Within the personal, and the interactions between the two central characters, there's a reasonable, slowish and very procedural investigation. The identification of the victim, the following up of her movements, the way her family operates, the connections between her family members, the past, the present, suspects, places and events all build a picture that eventually develops into a solution. Sure, some of these connections are predictable, and the creepy criminal voice lurking around the edges is a device that's been done to death, but much of that is carried by the strength of the characters and the by-play between Norton and Taggert and, in particular, her personal situation. There's some gentle poking of fun at all levels throughout this book. Norton doesn't take herself too seriously which really helps with some of the emotional turmoil, and the country boy daftness of Taggert never steps over the line into caricature.
Contradictions, inconsistencies and the personal and professional are part of what Hall explores with great precision in this novel. There's much in all of these characters that is required to add up to the whole. Part of what makes Norton a great cop is her compassion, her ability to see the grey, and her understanding that sometimes things aren't straightforward. Part of what makes these two characters feel like that should have a long, and very fruitful fictional life is the strengths, weaknesses and reality of both of them.
Along the ever changing border of gentrifying Los Angeles, seventeen year old Monique Darson is found dead at a condominium construction site, hanging in the closet of an unfinished unit. Homicide detective Elouise “Lou” Norton’s new partner, Colin Taggert, fresh from comparatively bucolic Colorado Springs police department, assumes it’s a teenage suicide. Lou isn’t buying the easy explanation.
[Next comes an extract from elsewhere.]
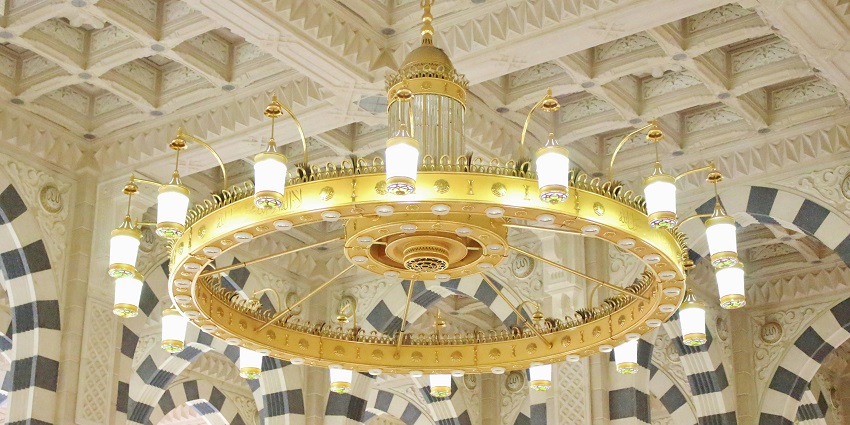 Al-Hannanah Mosque has a guge prayer hall and offers a sacred atmosphere.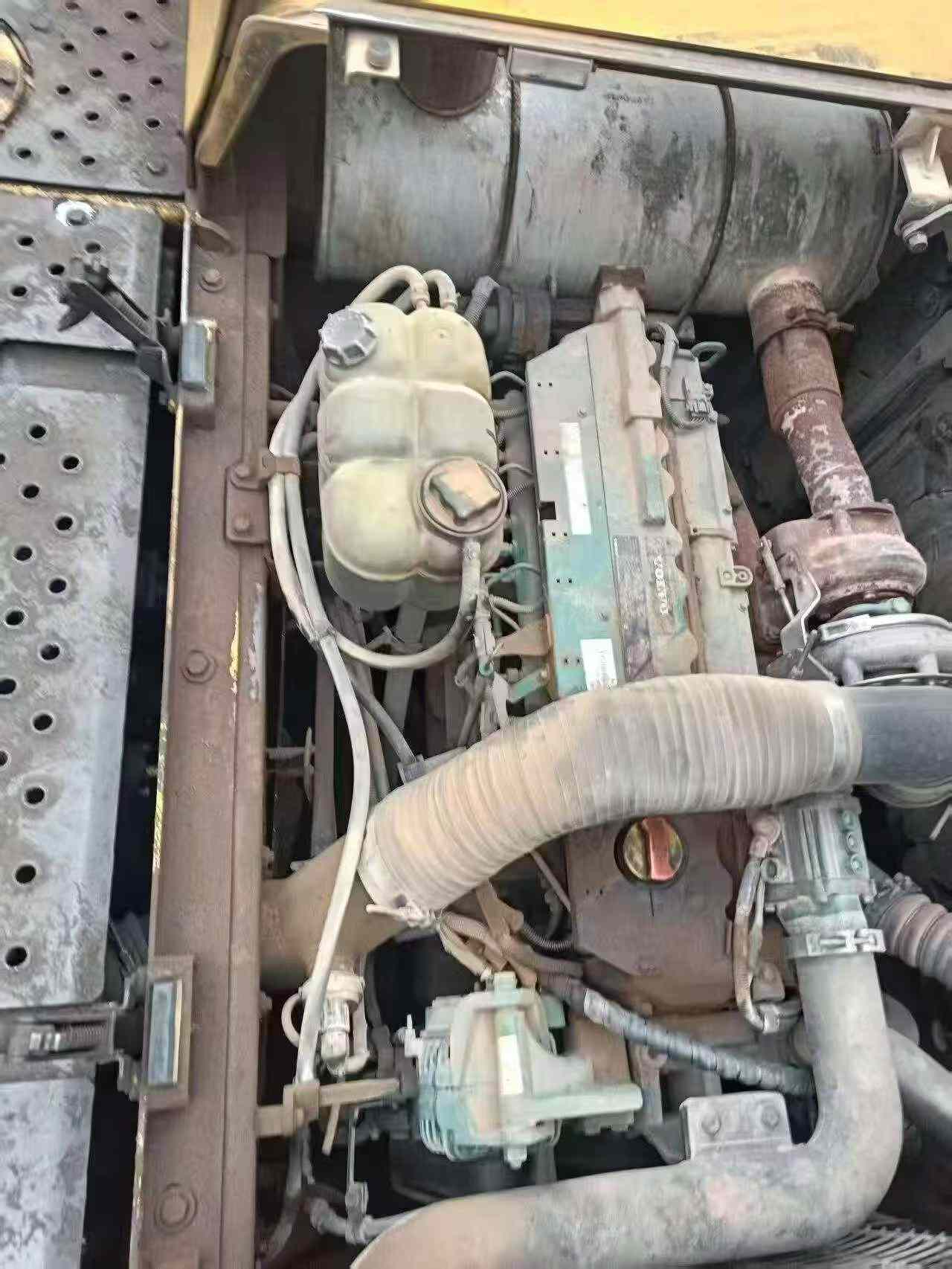 Buy Volvo L250G Used Excavator / 4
For one thing, the condo site is owned by Napoleon Crase, a self made millionaire. . .and the man who may have murdered Lou's missing sister, Tori, thirty years ago. As Lou investigates the death of Monique Darson, she uncovers undeniable links between the two cases. But her department is skeptical.
Lou is convinced that when she solves Monique’s case she will finally bring her lost sister home. But as she gets closer to the truth, she also gets closer to a violent killer. After all this time, can he be brought to justice. . .before Lou becomes his next victim?